I moved to iOS 6 and when my phone came up it could not connect to my home network. I did the following on the phone:


- Updated phone to iOS 6 from 5.1.1

- I thought maybe the network settings were messed up so I "forgot" the network and tried again, no luck.

- Reset all network settings, no luck.

- Full restore of iOS 6 and setup as a new phone (no data/apps/etc restored), no luck.

- Removed all encryption on my access point, no luck.


So I then setup a spare access point I had and the iPhone connected right away (even with the same SSID and encryption as my normal home access point). This indicates an incompatibility between iOS 6 and my access point.


It is not an encryption issue, because it can connect to an open, WEP, and WPA2 configuration on my spare access point without a problem. It can even connect to my Mini that is performing Internet Sharing.


The access point is a Netgear WG102 and before iOS 6 my iPhone 4S worked great on it. I also have an old 2gen iPod Touch, 1st gen iPad, Macbook Air, Mac Mini, etc, etc, etc on the access point with no issues. It's just my iPhone and iOS 6 that can't connect to it.


I did the following to the access point:


- running latest/greatest firmware

- changed RTS threshold, Frag length, Beacon Interval, DTIM interval, etc, with no luck.

- enabled WMM with no luck (which I saw fixed someone elses issue with a beta version of iOS 6 and their iPad)

- hard/factory reset of the access point (phone can't connect to the default and wide open "Netgear" SSID when it comes up)


The phone works on all other access points that I have tried outside my house.


Any thoughts?

iPhone 4S, iOS 6

Posted on Sep 19, 2012 10:30 AM

Reply
161 replies

Sep 19, 2012 11:06 AM in response to mikesullakasully

mikesullakasully wrote:


I don't have any solid ideas, but try these things: Reboot the phone.
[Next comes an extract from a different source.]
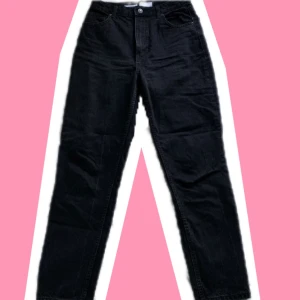 Svarta jeans - Svarta straight jeans från bershka, knappt använda så inga slitningar👐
Try a differnt SSID. Make sure you have no firewall rules set up or MAC address filters set that could be blocking the phone. Try manualy entering the network info in, by clicking "other".
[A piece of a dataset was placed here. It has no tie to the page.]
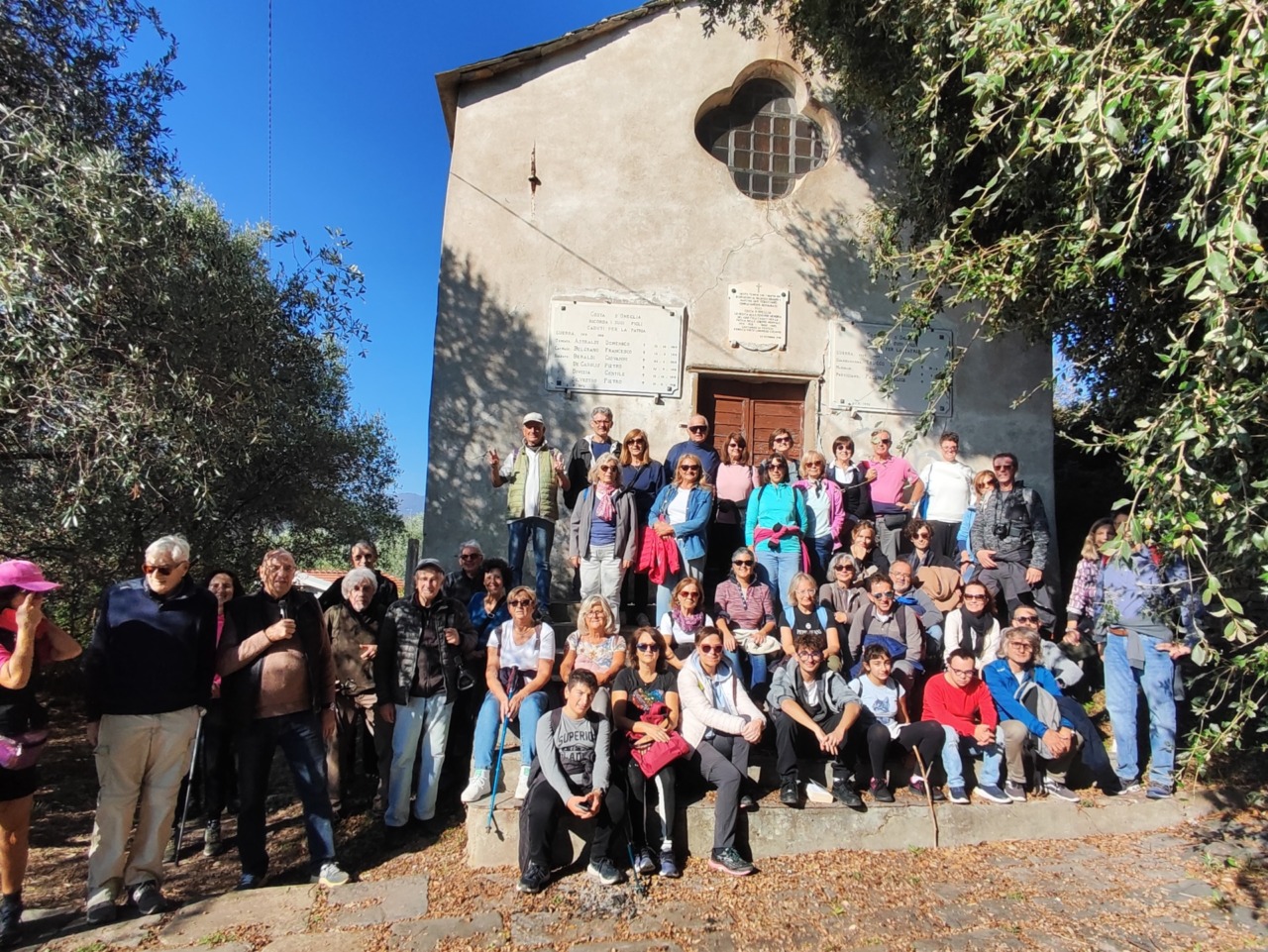 In 70 alla Passeggiata tra gli Ulivi a Costa d’Oneglia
Thank you for your ideas, but all of your suggestions have been addressed/tried already as detailed above.

Sep 19, 2012 11:38 AM in response to yerodtr

Did some digging on your router. I see it's an older G band router. And apple recommends: "Routers that only support 802.11g should be put in 802.11b/g mode, while those that support only 802.11b can be left in 802.11b mode." Try switching the router to B only and see what happens.


Also, the spare access point you were able to connect to, what bands/frequencies does that one have? (a/b/g/n - 2.4 and/or 5 Ghz)?
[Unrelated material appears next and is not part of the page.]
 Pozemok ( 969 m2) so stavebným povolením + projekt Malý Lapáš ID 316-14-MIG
Sep 19, 2012 11:41 AM in response to mikesullakasully

mikesullakasully wrote:


Did some digging on your router. I see it's an older G band router. And apple recommends: "Routers that only support 802.11g should be put in 802.11b/g mode, while those that support only 802.11b can be left in 802.11b mode." Try switching the router to B only and see what happens.


Also, the spare access point you were able to connect to, what bands/frequencies does that one have? (a/b/g/n - 2.4 and/or 5 Ghz)?


Hmmm, not wild about going down to B only here, that will really slow everyone else down. I will have to try that later.


The other router was a Linksys WRT54GL (B/G 2.4GHz) running DD-WRT firwmare.

Sep 19, 2012 2:48 PM in response to carlmcl

carlmcl wrote:


I know this isn't much help, but my office has the same NetGear WAG 102 and those of us that updated to iOS 6 have the same issue. We've tried everything you did and the WMM settings that some in the Betas had luck with but we cannot get it to work here either.


Thanks, although not a solution at the moment, it is a GOOD thing to know others are having this issue and bring attention to the matter.